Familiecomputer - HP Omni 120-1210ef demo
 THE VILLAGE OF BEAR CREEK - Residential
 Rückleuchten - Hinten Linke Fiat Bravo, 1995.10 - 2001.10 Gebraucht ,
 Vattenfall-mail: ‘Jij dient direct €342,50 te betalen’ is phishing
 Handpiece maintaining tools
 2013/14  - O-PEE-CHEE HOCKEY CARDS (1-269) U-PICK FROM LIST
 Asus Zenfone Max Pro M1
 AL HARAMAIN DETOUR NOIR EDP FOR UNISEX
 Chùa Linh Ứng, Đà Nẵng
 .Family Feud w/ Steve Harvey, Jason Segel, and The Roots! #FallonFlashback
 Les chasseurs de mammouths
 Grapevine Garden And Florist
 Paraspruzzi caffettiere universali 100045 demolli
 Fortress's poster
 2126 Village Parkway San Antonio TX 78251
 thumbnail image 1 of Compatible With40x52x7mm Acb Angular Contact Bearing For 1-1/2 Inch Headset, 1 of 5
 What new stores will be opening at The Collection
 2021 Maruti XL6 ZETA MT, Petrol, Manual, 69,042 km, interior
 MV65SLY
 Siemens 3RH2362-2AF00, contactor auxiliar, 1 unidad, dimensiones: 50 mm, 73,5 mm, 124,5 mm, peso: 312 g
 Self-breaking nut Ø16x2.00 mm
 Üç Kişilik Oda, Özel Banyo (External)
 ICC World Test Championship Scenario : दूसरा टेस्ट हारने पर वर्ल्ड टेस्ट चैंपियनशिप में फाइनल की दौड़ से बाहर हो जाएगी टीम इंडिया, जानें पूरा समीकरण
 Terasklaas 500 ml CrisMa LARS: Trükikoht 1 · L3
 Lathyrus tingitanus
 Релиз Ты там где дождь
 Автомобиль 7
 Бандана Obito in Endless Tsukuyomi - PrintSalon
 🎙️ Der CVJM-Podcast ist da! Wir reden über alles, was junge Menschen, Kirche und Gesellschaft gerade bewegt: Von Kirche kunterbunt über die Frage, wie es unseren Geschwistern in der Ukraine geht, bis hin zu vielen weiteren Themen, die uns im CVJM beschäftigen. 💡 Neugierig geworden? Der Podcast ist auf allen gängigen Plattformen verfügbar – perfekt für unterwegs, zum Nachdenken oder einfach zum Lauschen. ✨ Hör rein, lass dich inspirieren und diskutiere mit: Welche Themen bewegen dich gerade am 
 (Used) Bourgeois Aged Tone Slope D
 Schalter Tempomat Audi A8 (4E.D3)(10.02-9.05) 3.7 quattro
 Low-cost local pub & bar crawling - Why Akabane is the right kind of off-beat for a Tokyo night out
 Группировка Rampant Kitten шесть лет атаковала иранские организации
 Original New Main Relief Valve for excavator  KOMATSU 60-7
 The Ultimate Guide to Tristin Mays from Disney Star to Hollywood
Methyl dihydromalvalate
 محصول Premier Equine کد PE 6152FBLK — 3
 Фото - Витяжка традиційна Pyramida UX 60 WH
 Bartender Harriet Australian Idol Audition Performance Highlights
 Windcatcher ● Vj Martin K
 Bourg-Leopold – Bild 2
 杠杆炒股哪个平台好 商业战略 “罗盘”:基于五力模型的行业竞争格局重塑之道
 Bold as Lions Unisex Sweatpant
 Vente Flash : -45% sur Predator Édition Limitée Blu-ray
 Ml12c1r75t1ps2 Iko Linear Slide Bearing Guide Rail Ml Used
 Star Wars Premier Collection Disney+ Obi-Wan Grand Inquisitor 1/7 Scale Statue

### Exercise prompt
Find the lines above with the word "Star". Copy them out.

### Solution for this exercise
 The Ultimate Guide to Tristin Mays from Disney Star to Hollywood
 Star Wars Premier Collection Disney+ Obi-Wan Grand Inquisitor 1/7 Scale Statue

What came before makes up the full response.